### WORK REQUIRED:
Repeat the data word for word, excluding every picture.

### GIVEN DATA:
>>>>
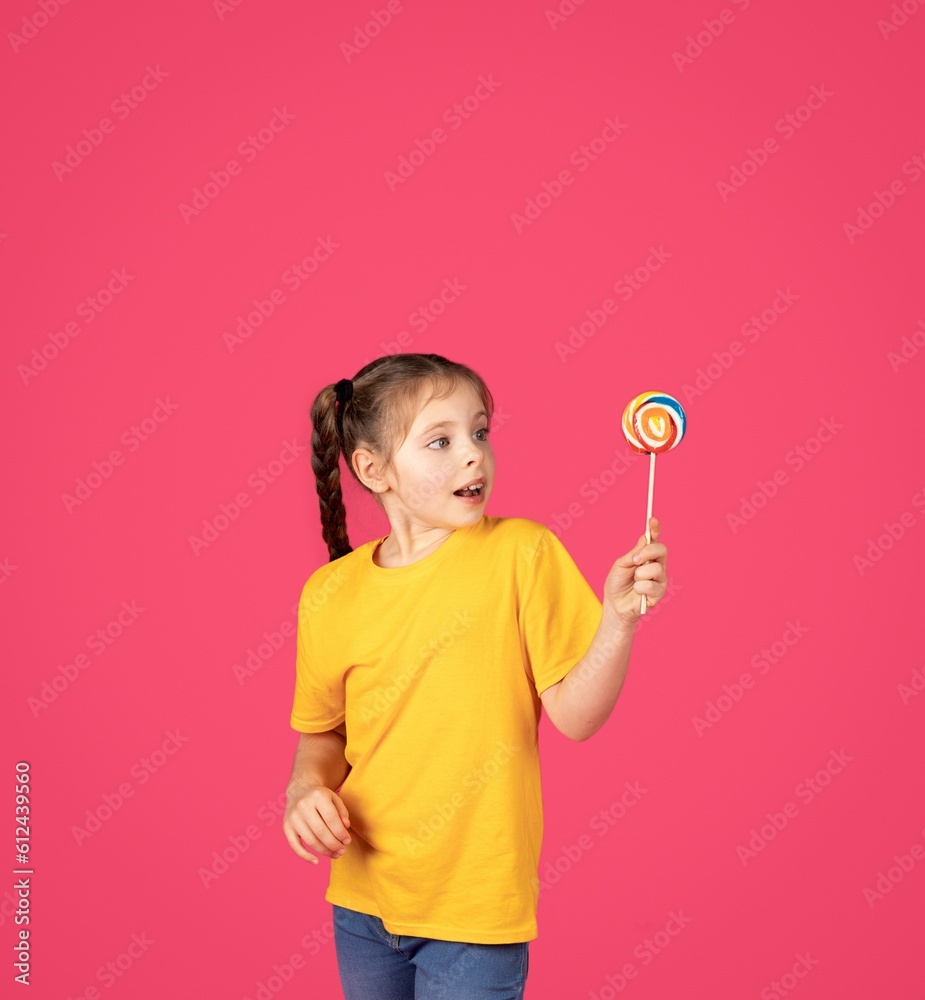 Sweet Treat. Excited Cute Little Girl Holding Colorful Candy In Hand Sweet Treat. Excited Cute Little Girl Holding Colorful Candy In Hand
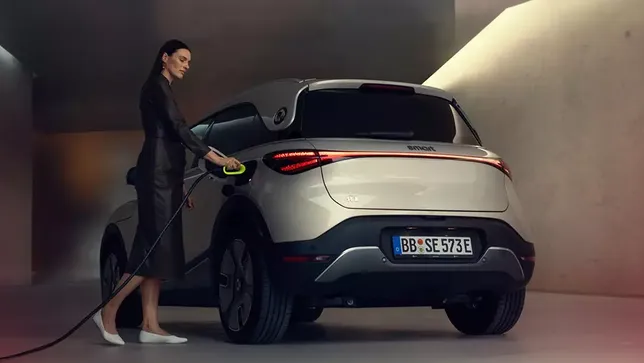 Ein weißer smart #1 wird von einer Frau in einem dunklen Kostüm geladen.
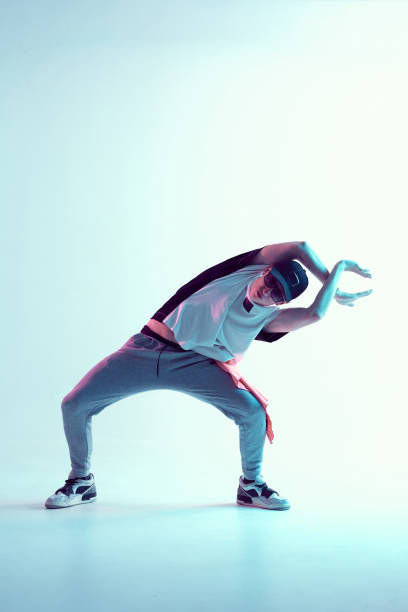 istock Cool young breakdancer guy dance in studio in neon light. Dance school poster 1263835465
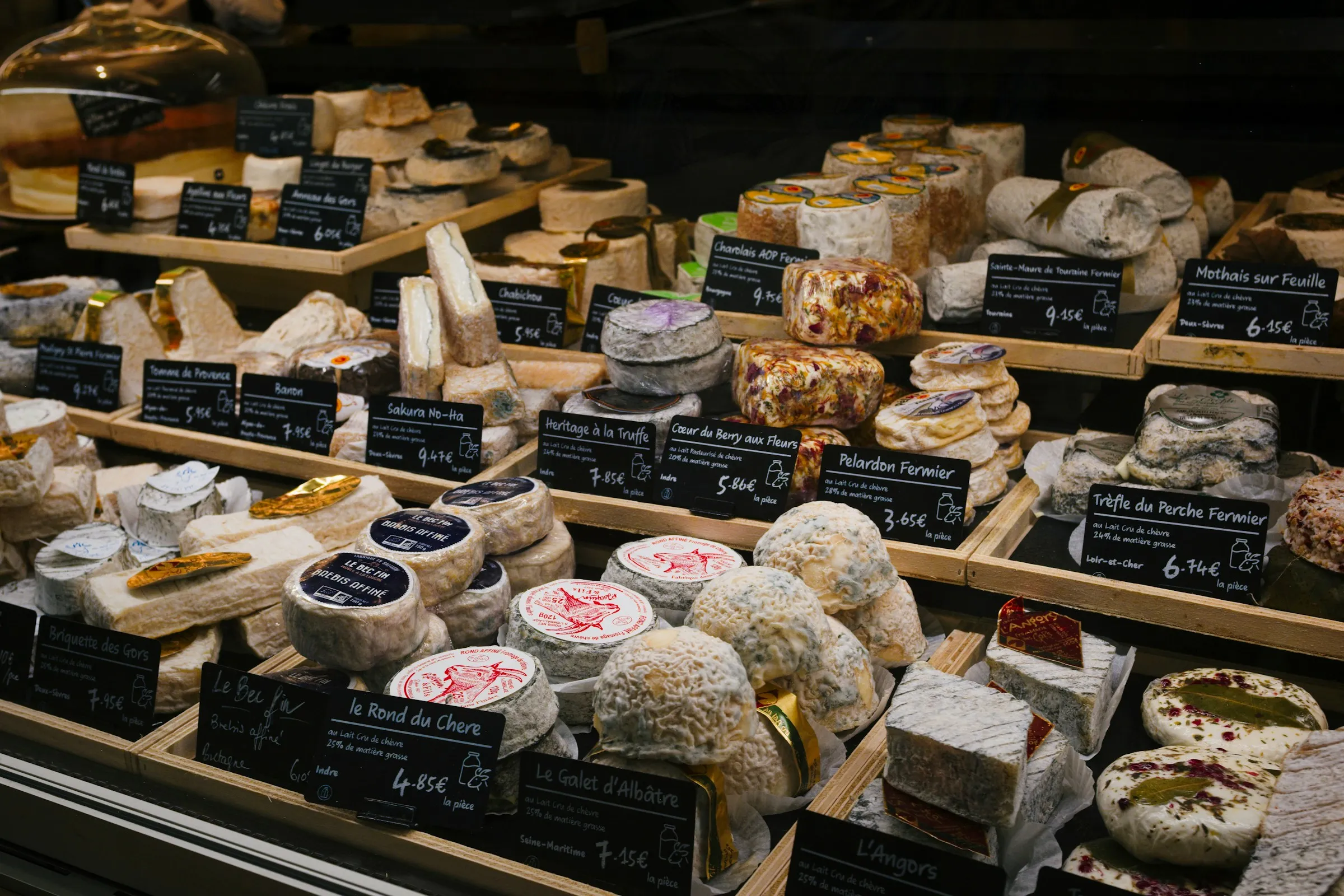 Vitrine de fromagerie — étagères en bois, chaque pièce avec un cartel nom et prix, comme un catalogue lisible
<<<<
### SOLVED PROBLEM:
 Sweet Treat. Excited Cute Little Girl Holding Colorful Candy In Hand Sweet Treat. Excited Cute Little Girl Holding Colorful Candy In Hand
 Ein weißer smart #1 wird von einer Frau in einem dunklen Kostüm geladen.
 istock Cool young breakdancer guy dance in studio in neon light. Dance school poster 1263835465
 Vitrine de fromagerie — étagères en bois, chaque pièce avec un cartel nom et prix, comme un catalogue lisible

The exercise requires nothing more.